Handmaid’s Tale was in my TBR for a long time. Much has been said and discussed about this book. It’s a well-known fact that it’s one of the best dystopian novel. It’s story of Offred, a Handmaid. In this distant, dystopian future, things change. Handmaid’s job is to “breed”. Other women are also put in roles like Wives and daughters of Commanders, Aunts to train new batches of handmaids and Marthas for household work. Every woman has to stick to her category, dress and act according to it. They are not allowed to read, go out on their own and even talk freely. Their every move is being watched by Guardians who have the power to give death sentence to anyone.

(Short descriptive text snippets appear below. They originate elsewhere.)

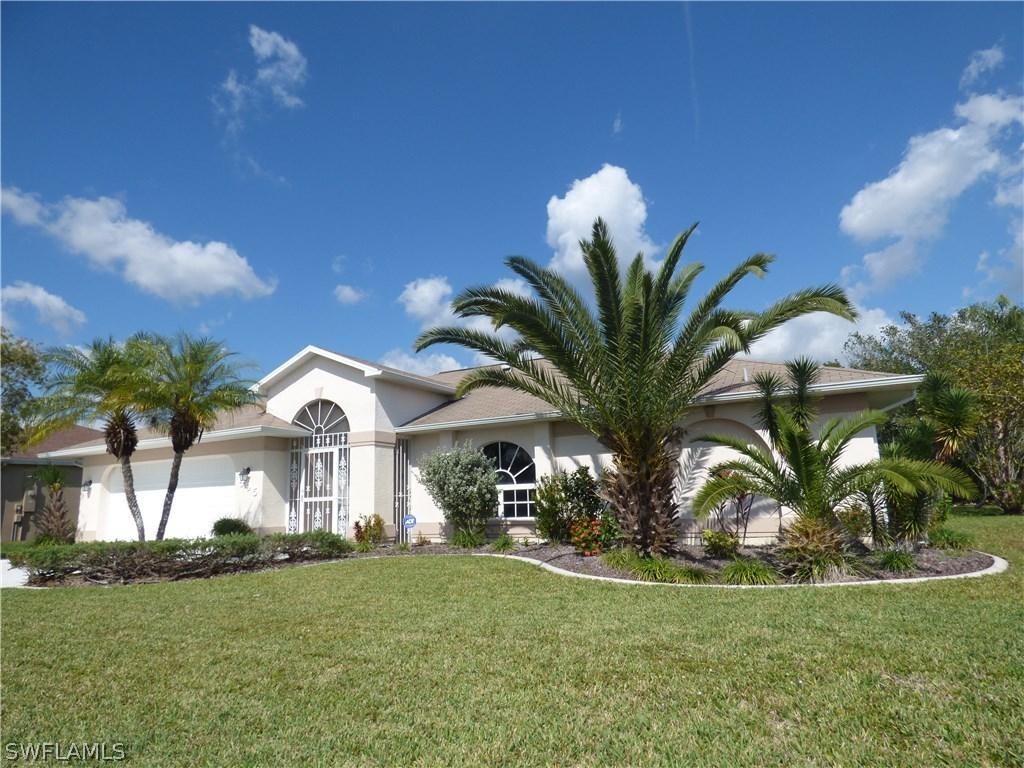 595 Genevieve Dr., Lehigh Acres, FL 33936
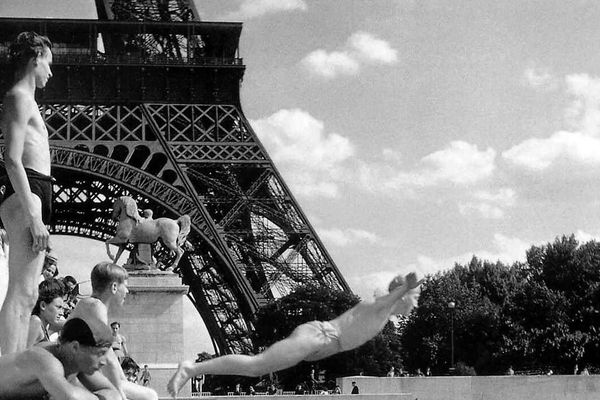 Baignade dans la seine au pont d'Iéna, une photo de Robert Doisneau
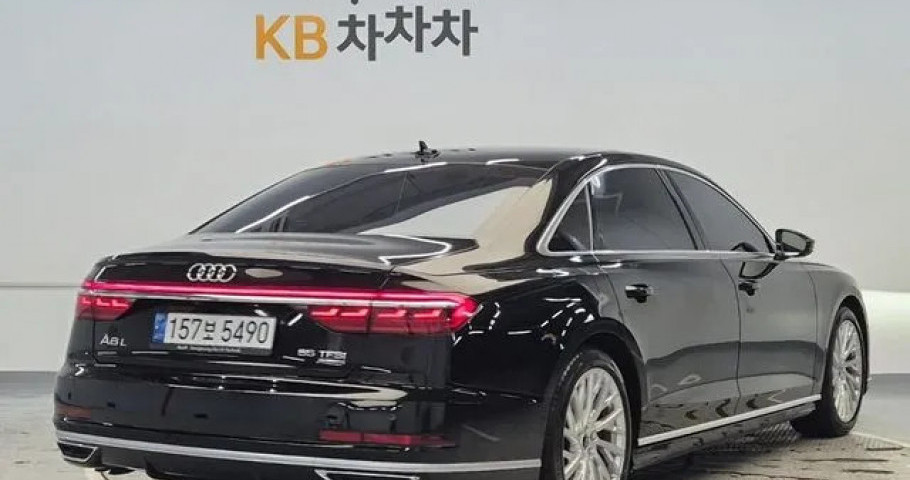 Audi A8 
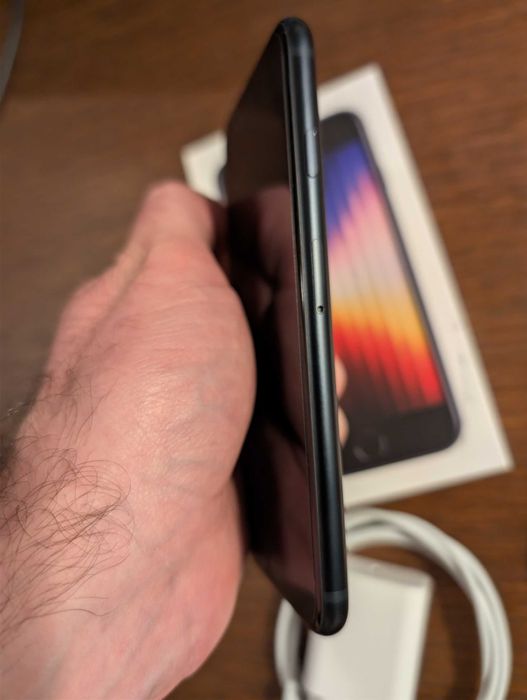 iPhone SE gen 3, 64GB, 5G, Negru, Husa originala + incarcator si folie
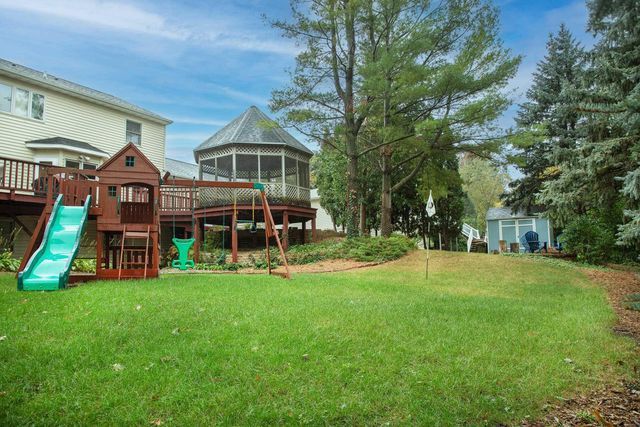 1608 Hillside Ave, Waverly, IA 50677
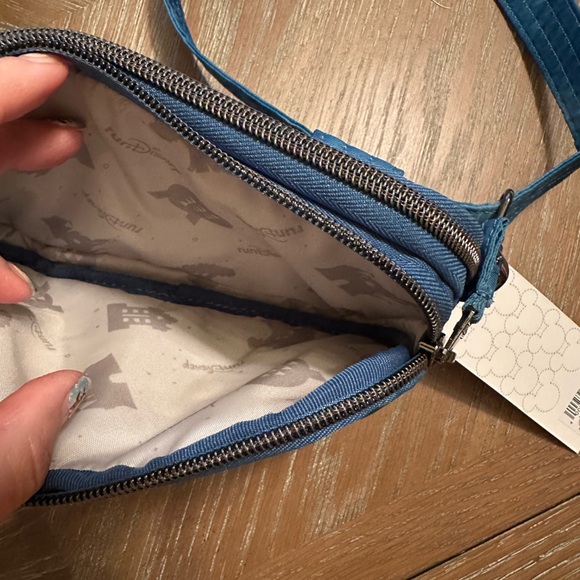 RunDisney Lug crossbody new - Picture 2 of 5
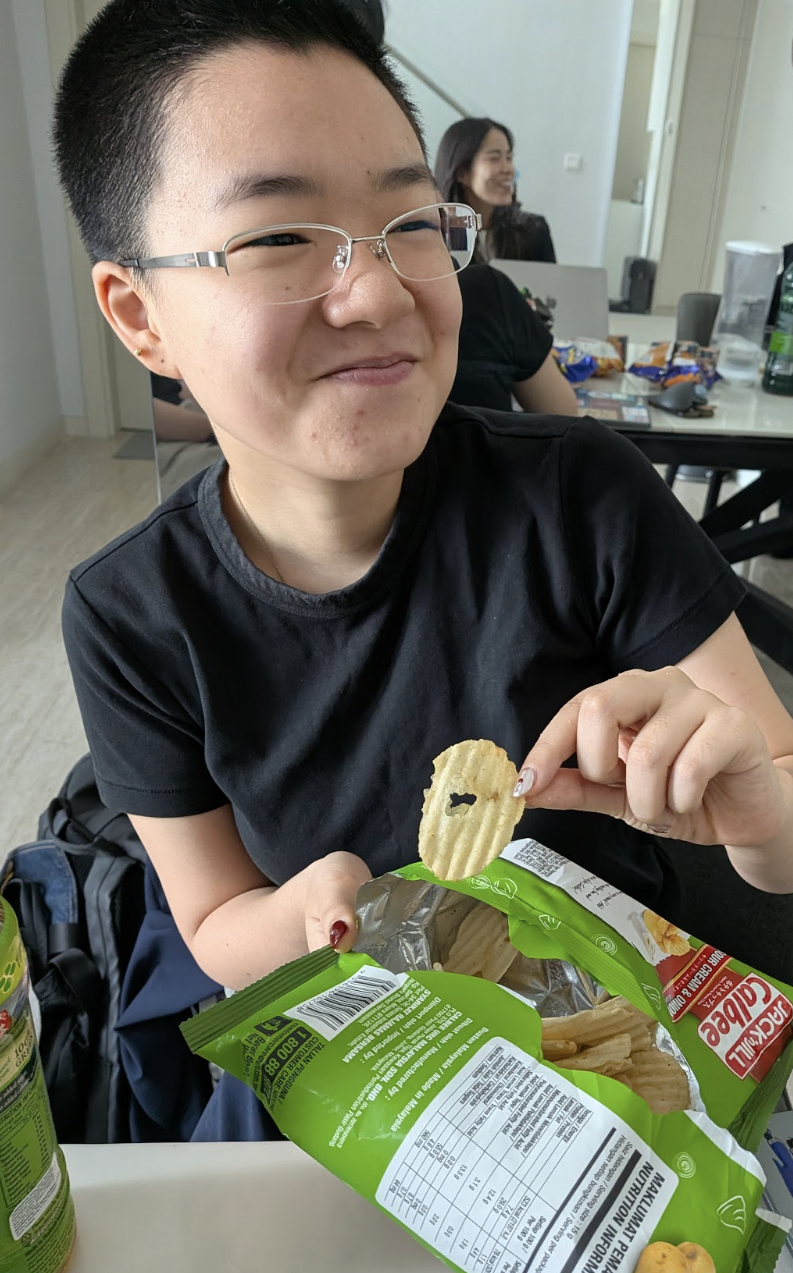 カルビー ポテトチップス 中身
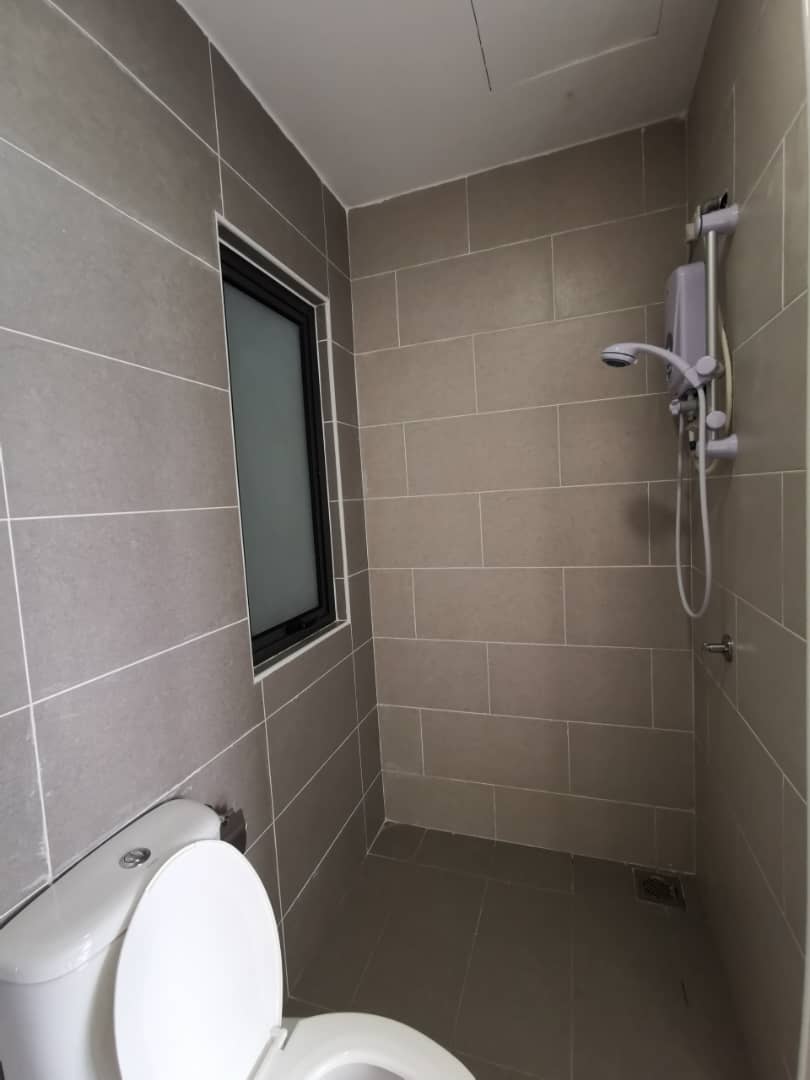 Kiara Plaza, Bandar Teknologi Kajang, Semenyih - photo 8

This story revolves around Offred who is placed in a commander’s house to do her duty, breed. During this time, she meets Offglen, her partner for market visits who is also a part of a secret rebel group; Nick, her commander’s driver who is also helping her conceive and commander who is bored, sneaks her into his study room to play scrabble and talk. All these characters are presented from Offred’s POV, so we can’t be sure how they are actually as she keeps on changing /recreating stories as per her opinion. In the end, she is taken away by guardians in a black van but that leaves some air of mystery for us.
This was my first dystopian read and as expected, I was disturbed. Plot and narration are, no doubt, brilliant. But even thinking about such life disturbs me to the core, where people are treated as cattle and they don’t even have the freedom of voicing out their opinion. What disturbs me more is the fact that if not in totality, this is happening in fractions, here and there, every now and then. Handmaid’s Tale presents a world of nightmares with no human rights. It paints a picture of a worst possible patriarchal society where women are ignored and they struggle for their basic rights.
This multilayered, seemingly feminist dystopian novel will drain you emotionally and will haunt you forever. Once you read this, you can’t “unthink” what happens to Offred and others. Even though it’s a fiction, it comes close to reality in some parts and that’s a scary.
Nevertheless, for the beauty of narration and a unique plot, I will recommend this to everyone.
“We were the people who were not in the papers. We lived in the blank white spaces at the edges of print. It gave us more freedom. We lived in the gaps between the stories.”